November 22, 2008:  The Godfather: Part II

Ah, where to even begin?  I could probably spend all day writing about the Godfather films, and volumes have already been written.  Doesn’t anyone who actually cares about this story already know everything they want to know, while anyone else really isn’t into it at all?  What would be the purpose of this review?

The Godfather films, from 1972, 1974 and 1990, are perhaps the most critically-lauded film series of all time.  The first two both won Best Picture Oscars, a feat which was unprecedented, is unlikely to ever be repeated, and even more amazingly was well-deserved.  Iconic images and lines and scenes and gestures from the films have become part of a popular culture spanning generations, and the films have great mass appeal, while at the same time being complex and challenging and rewarding to analysts and critics.  Based initially on a best-selling 1969 novel from Mario Puzo, who also worked with director Francis Ford Coppola on adapting the novel for the screen, the later films have fleshed out the original story to mythic proportions.

The core of the story centres around the Corleone Family, and initially the patriarch “Don” Vito Corleone (Marlon Brando), a Sicilian who came to America as a child, tried to make an honest living, and realized that the corruption among officialdom made honest living a losing proposition for the ordinary man.  He turned slowly to a life involving crime and corruption, rationalized by the fact that the corruption would exist regardless of what he did and that it and would either work against him or could be made to work for him.  His dream was for his children to be able to grow up as power players in the legitimate business and political world of America, to be the ones wielding the power.  Alas, mafia wars claimed either the bodies or the souls of his adult children as he watched his dream slipping away, ever hoping that the next generation of the family might be the one to really make it in legitimate America.

By the time of the second film, Vito has passed away and the family business is being run by Michael (Al Pacino), the one child out of four who was the family’s greatest prospect for legitimate success.  But Michael has transformed from a fresh-faced young student to a cold and remorseless mafia “businessman”, always claiming to try and make the business legitimate and claiming that his family is the most important thing to him, but struggling against his instinctive sense that anyone who crosses him must be eliminated in order to secure his position.  In this second film, Michael’s ruthlessness cuts a little too close to the family itself, and he watches his world fall apart around him because of what he’s done, even as he wonders what more he could possibly have done to protect it.  Michael understands the paradox facing him, but can’t accept that there’s no solution which fits into the rules by which he lives.  Intercut within the present-day (late1 1950s) story is the tale of young Vito Corleone and the reason for his move to America, and his subsequent rise to power in his New York neighbourhood.  The parallels between Vito (portrayed as a young man by Robert De Niro in an Oscar-winning supporting performance) and Michael, reluctant cornerstones of their families, forced to bear the stresses of protecting a delicate balance at all times without ever showing weakness, are clearly drawn.  This film runs 3 hours and 20 minutes, and every minute of it needs to be there.

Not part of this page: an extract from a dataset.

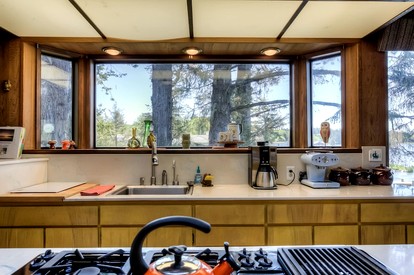 Breathtaking Beach House with Fireplace and Gorgeous Sights in Otis, Oregon - Otis, Oregon - glamping.directory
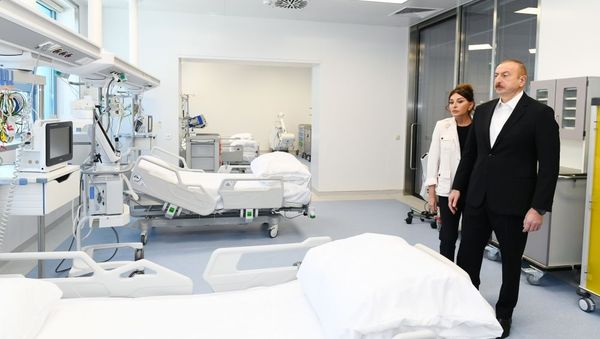 Президент Ильхам Алиев и Первая леди Мехрибан Алиева приняли участие в открытии медицинского учреждения Ени клиника в Баку - Sputnik Азербайджан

My exposure to the Godfather films has gone in waves over the years.  I first saw the original films when I was in high school, followed shortly by the third film which was in theatres around that time.  Those single viewings were hardly enough to come to appreciate the depth of these works.  I revisited them occasionally until the DVDs were released and I immediately bought them, and in the years since I have occasionally gone on Godfather binges, usually watching pieces of the films adding up to complete viewings over the space of days or weeks.  Most recently, I watched The Godfather: Part II in several pieces, jumping around and rewatching scenes, skipping over others but ultimately returning to them, and eventually reaching a point where I could claim that I had watched the whole movie again.  It’s not uncommon for me to watch one of the storylines (present-day or the chronicles of the young Vito) and not the other.  The subtitles available on the DVDs are very useful for catching bits of dialogue and throwaway lines, and keeping track of the multitude of characters who pop in and out of the stories and in several cases appear in all three films.

A simple review of these movies can’t do them justice.  They are essential viewing for any film enthusiast, and there’s far more depth than would be found in just a simple gangster movie, if that’s what might be keeping the reluctant viewer away.  But it’s a serious commitment to the story with three films of around three hours each.  The Godfather: Part III receives mixed reviews and that is a story for another time, but it is a rewarding and consistent continuation of the story for those who are connected to the characters and want to see where they went.